» WORK INSTRUCTIONS: Leave the pictures out and repeat the rest of the data below exactly.

» DATA SHOWN:

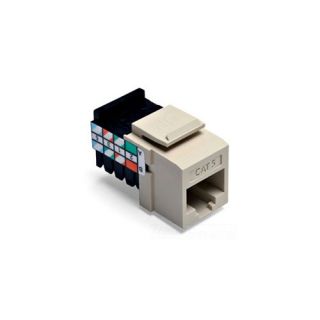 Leviton 41108RI5 QuickPort SnapIn Ethernet Connector, Category 5, 8P8C Ivory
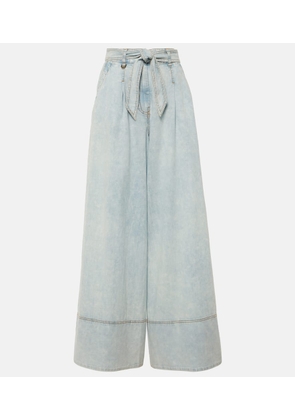 Zimmermann High-rise wide-leg jeans
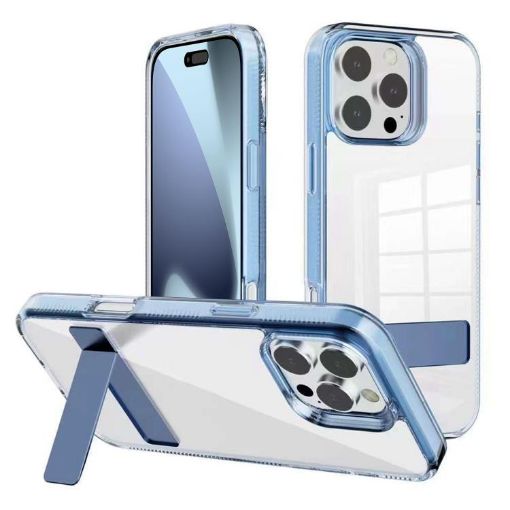 iPhone 17 Pro Max Kalebol Clear Acrylic TPU Case (Blue) - 1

» SOLVED EXERCISE:
 Leviton 41108RI5 QuickPort SnapIn Ethernet Connector, Category 5, 8P8C Ivory
 Zimmermann High-rise wide-leg jeans
 iPhone 17 Pro Max Kalebol Clear Acrylic TPU Case (Blue) - 1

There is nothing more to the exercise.